No pictures go into the copy. Write out exactly the lines below from the one containing "In this video, we're" through the one containing "They use story".

[[ MATERIAL TO PROCESS, beginning ]]

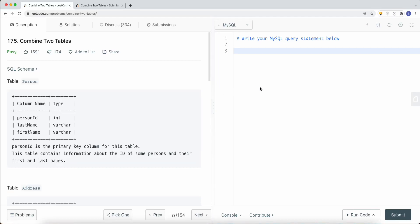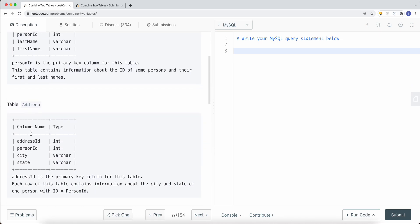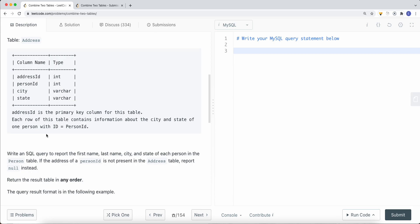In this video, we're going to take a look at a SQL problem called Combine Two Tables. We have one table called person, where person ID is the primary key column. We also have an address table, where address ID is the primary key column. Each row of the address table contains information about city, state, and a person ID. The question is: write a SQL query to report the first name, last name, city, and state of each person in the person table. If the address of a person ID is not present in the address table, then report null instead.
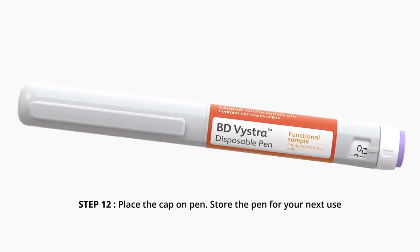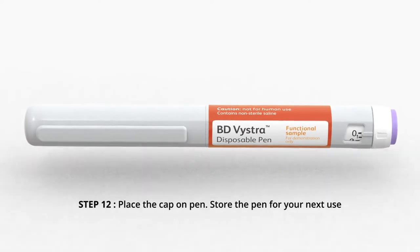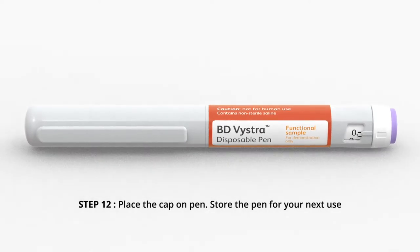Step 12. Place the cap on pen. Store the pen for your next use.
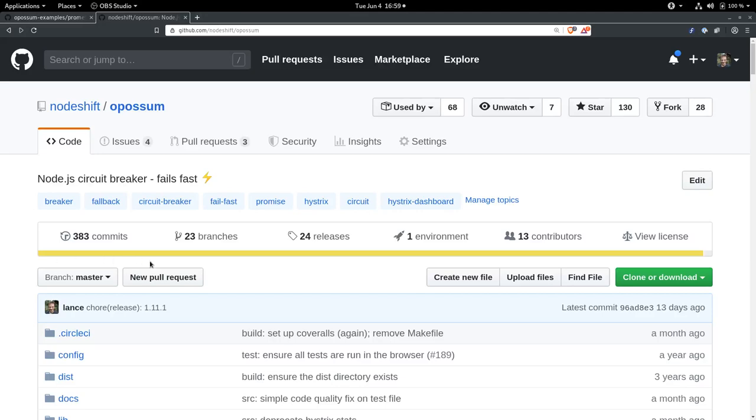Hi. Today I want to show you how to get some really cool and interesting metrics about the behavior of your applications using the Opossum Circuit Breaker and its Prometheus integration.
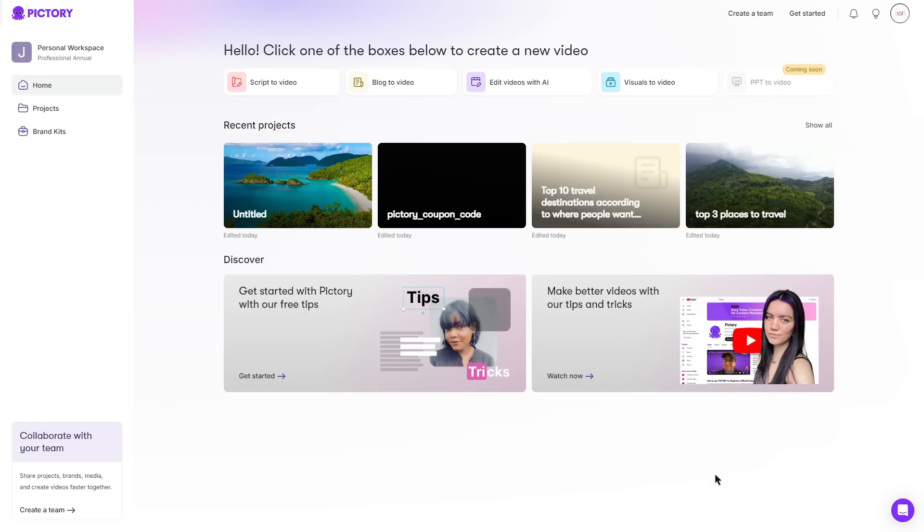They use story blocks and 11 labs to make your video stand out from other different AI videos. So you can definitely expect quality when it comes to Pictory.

[[ MATERIAL TO PROCESS, end ]]
[[ MATERIAL TO PROCESS, beginning ]]

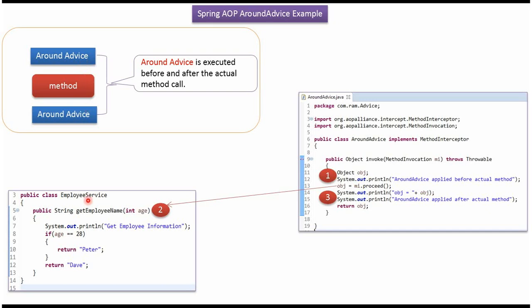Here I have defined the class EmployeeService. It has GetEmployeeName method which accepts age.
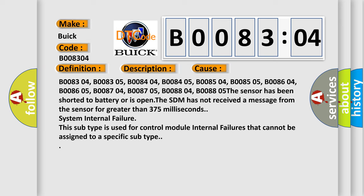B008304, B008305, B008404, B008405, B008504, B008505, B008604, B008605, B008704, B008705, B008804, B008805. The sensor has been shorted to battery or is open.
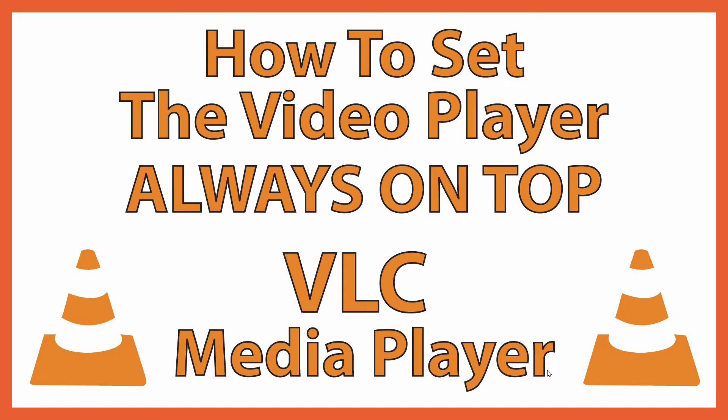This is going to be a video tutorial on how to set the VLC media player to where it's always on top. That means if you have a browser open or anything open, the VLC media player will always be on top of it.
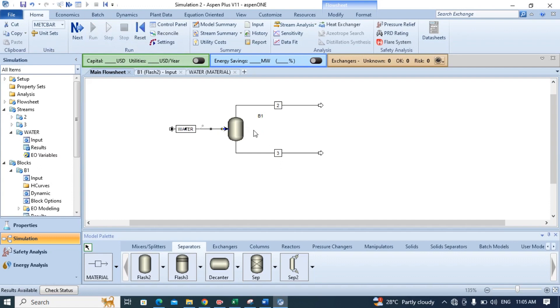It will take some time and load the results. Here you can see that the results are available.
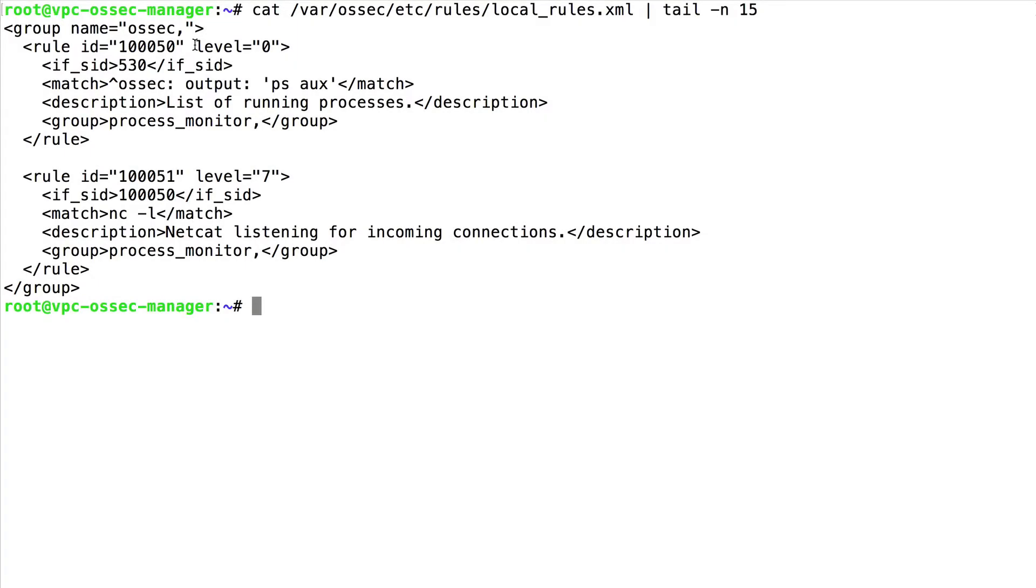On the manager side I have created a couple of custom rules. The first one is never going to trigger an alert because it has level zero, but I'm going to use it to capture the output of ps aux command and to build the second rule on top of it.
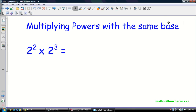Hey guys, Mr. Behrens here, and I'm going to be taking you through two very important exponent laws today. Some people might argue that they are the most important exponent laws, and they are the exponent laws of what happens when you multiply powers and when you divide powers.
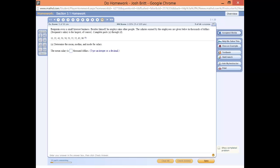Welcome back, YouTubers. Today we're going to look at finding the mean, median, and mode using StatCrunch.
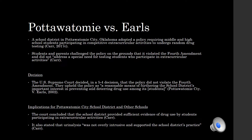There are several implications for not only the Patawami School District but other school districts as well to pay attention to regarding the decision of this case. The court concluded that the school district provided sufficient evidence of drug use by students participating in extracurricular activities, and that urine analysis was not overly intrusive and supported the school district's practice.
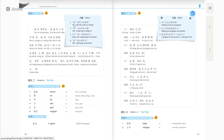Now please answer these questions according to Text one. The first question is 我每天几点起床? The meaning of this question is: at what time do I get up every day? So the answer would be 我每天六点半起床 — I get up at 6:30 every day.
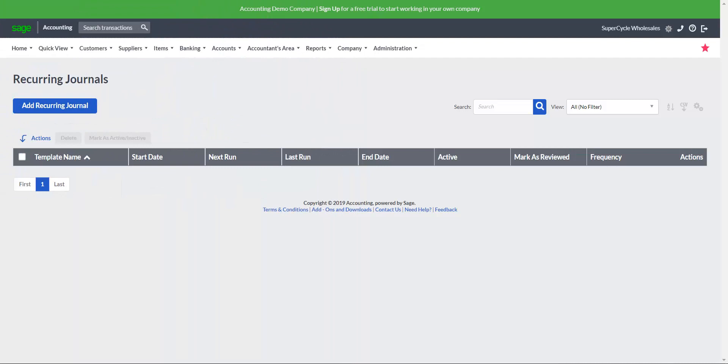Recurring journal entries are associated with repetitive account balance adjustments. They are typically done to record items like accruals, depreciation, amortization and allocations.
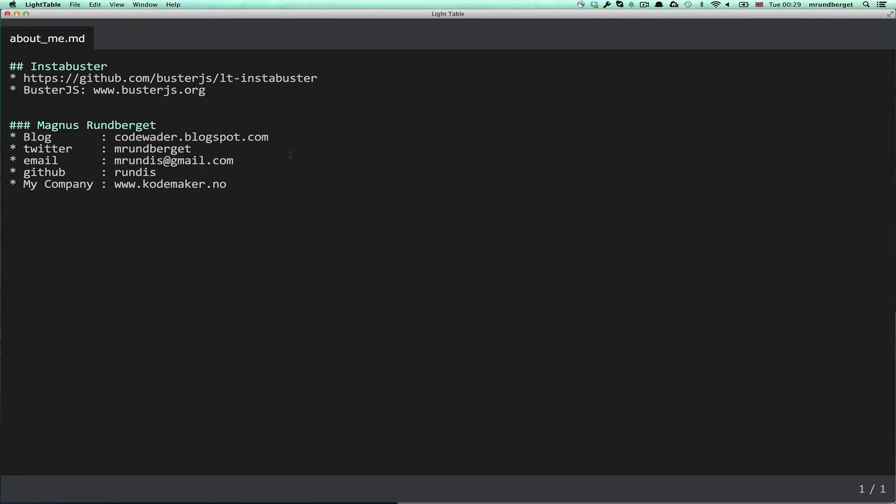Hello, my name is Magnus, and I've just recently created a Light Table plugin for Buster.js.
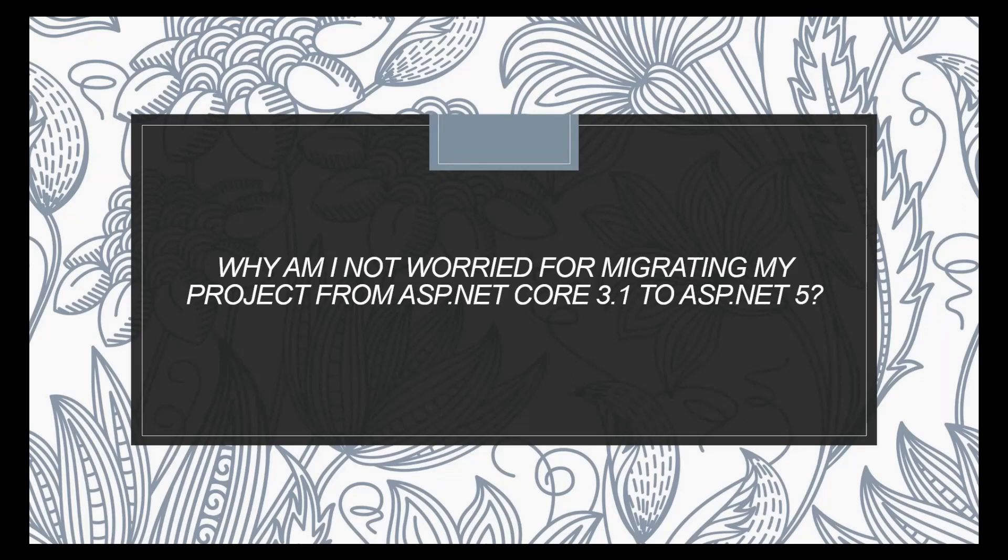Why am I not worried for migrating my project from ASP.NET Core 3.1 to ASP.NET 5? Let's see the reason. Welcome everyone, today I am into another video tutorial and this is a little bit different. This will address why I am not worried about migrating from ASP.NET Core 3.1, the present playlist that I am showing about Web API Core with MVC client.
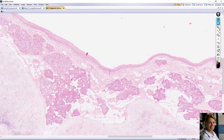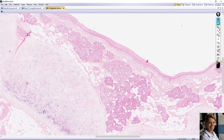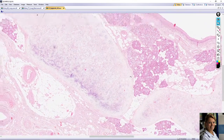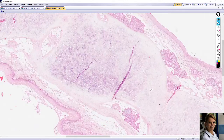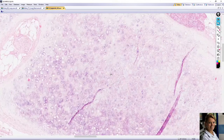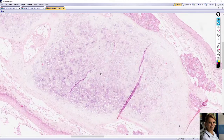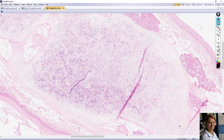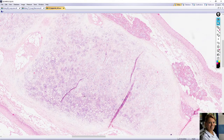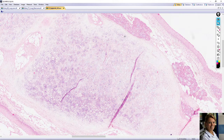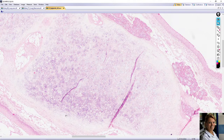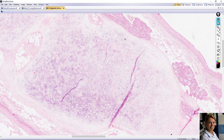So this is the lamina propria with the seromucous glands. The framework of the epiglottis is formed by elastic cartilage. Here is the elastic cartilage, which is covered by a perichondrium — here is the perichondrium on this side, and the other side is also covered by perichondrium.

[[ MATERIAL TO PROCESS, end ]]

# REPLY:
In this video, we're going to take a look at a SQL problem called Combine Two Tables. We have one table called person, where person ID is the primary key column. We also have an address table, where address ID is the primary key column. Each row of the address table contains information about city, state, and a person ID. The question is: write a SQL query to report the first name, last name, city, and state of each person in the person table. If the address of a person ID is not present in the address table, then report null instead.
Step 12. Place the cap on pen. Store the pen for your next use.
Hi. Today I want to show you how to get some really cool and interesting metrics about the behavior of your applications using the Opossum Circuit Breaker and its Prometheus integration.
They use story blocks and 11 labs to make your video stand out from other different AI videos. So you can definitely expect quality when it comes to Pictory.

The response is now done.